Are the following well-defined formal languages (in these cases: subsets of {0,1}*) ?

An argument w is a member of L under the following rules...

Example1:

1. If more than half of w's digits are 1's --> it is a member of L iff it is a member of language A (fill in your favorite decidable A to complete example).

2. If more than half of w's digits are 0's --> it is a member of L iff it is a member of language B (fill in your favorite decidable B to complete example).

3. If exactly half of w's digits are 1's and half are 0's then w is not a member of L.

Example 2:

1. If w is longer than 10 bits it has to be a member of decidable language A to be a member of L

2. If w is 10 bits or less it has to be a member of decidable language B to be a member of L.

The general question: are the above type of languages (discrete) well-defined?

The same way a function can be discrete or continuous I am nicknaming these types of definitions 'discrete' definitions for languages because based on what type of input you are, your rule (reason) for membership/non-membership can be different from other arguments'. I would assume this is ok? There does exist an argument that all discrete functions are not computable (or that all computable functions are continuous), but I don't think this argument holds if all the inputs are of finite precision (as is the case with finite binary strings)

Answer 1

A language $L \subseteq \{0,1\}^*$ is well-defined if, for each possible word $w \in \{0,1\}^*$, it is clearly specified whether $w$ is in $L$ or not.

This means that your rules must cover every case (for every word $w \in \{0,1\}^*$, at least one of your rules specifies whether $w$ is in $L$ or not), and that there are no contradictions (there does not exist any word $w \in \{0,1\}^*$ where one rule says that $w$ is in $L$ and another rule says $w$ is not in $L$).

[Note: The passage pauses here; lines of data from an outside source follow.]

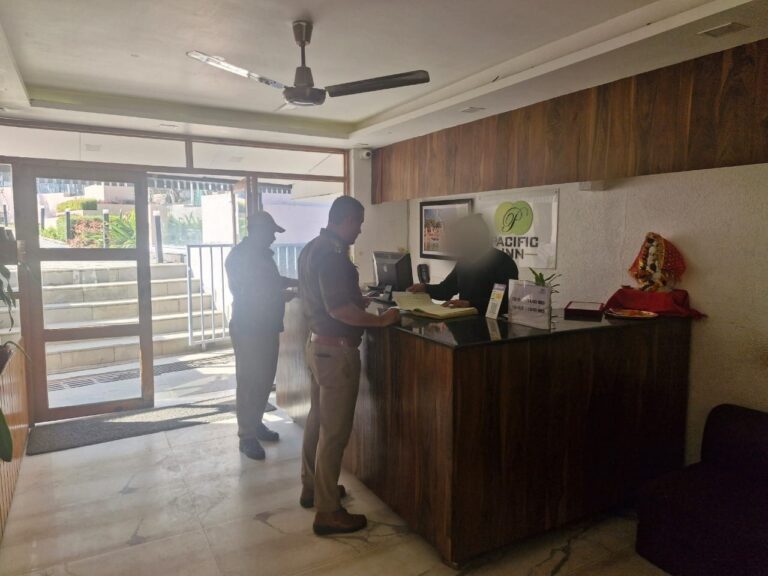 लक्ष्मणझूला क्षेत्र में पुलिस की सघन छापेमारी, स्टाफ व दस्तावेज़ जांच में कमियां उजागर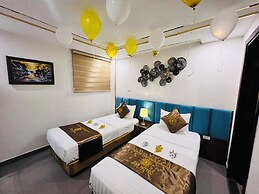 239 Hotel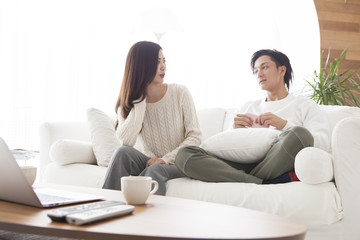 Obraz premium Young couple are talking happily in the living room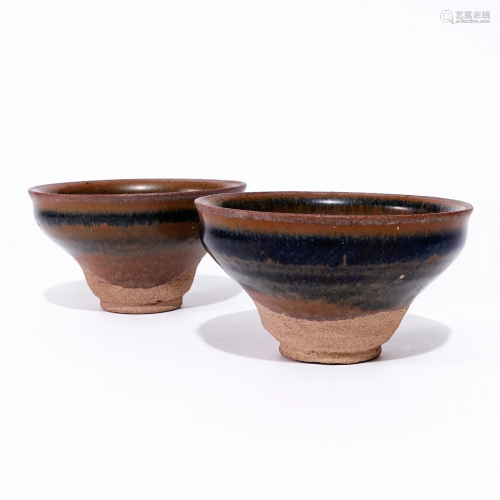 A pair of  Jian ware cup in the Yuan Dynasty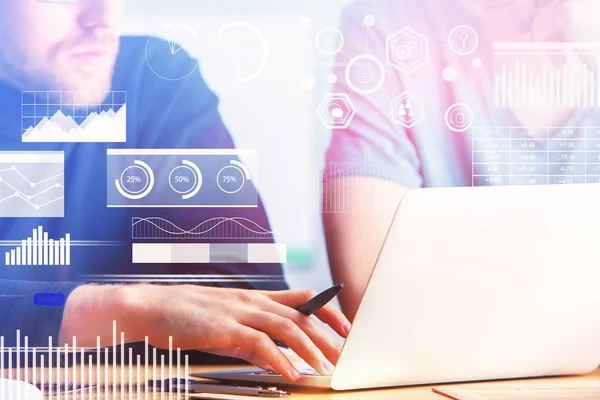 人のビジネスマンがぼやけて背景にラップトップを使用して クローズ アップ チームワークと財務の概念 二重露光 — ストック写真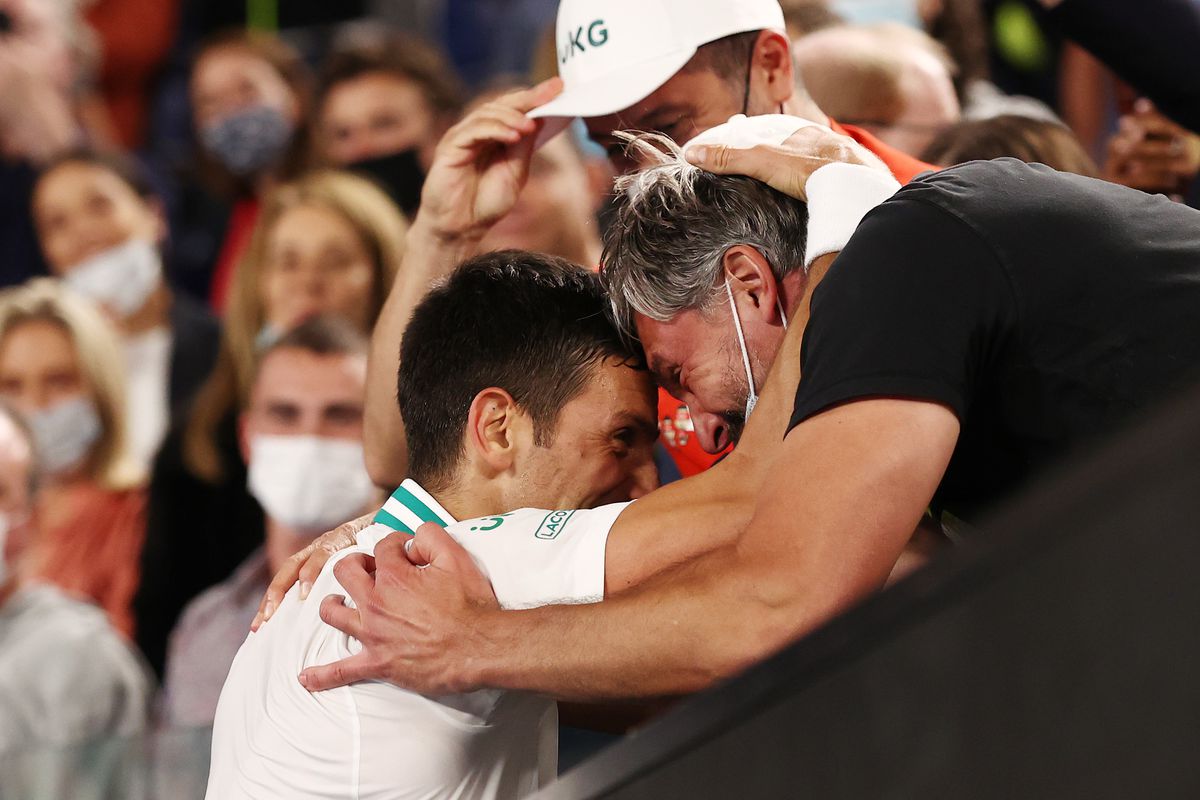 Novak Djokovic SUPREM. L-a învins clar pe Daniil Medvedev în finala Australian Open și are 18 titluri de Grand Slam!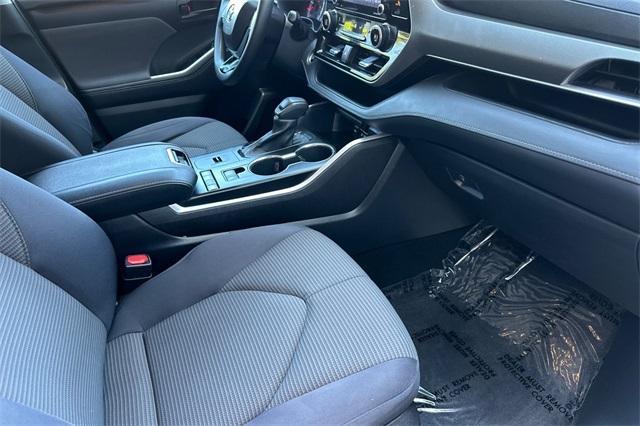 used 2021 Toyota Highlander car, priced at $30,461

Yes, you can use case analysis to define a language, or to define anything else (a set, a function, etc.), so long as the cases cover every case and do not contradict each other. This is not a matter of computer science; it is a matter of mathematics.

For both of your examples, yes, if the languages $A,B$ have been defined, then your definition of $L$ is well-defined.

Answer 2

There does exist an argument that all discrete functions are not computable (or that all computable functions are continuous), but I don't think this argument holds if all the inputs are of finite precision (as is the case with finite binary strings)

There is indeed a notion of Continuous functions which correspond 1:1 with Computable functions. They are Scott Continuous functions on certain Domains. Those are not related to your definition of 'discrete' functions (at least not that I can tell).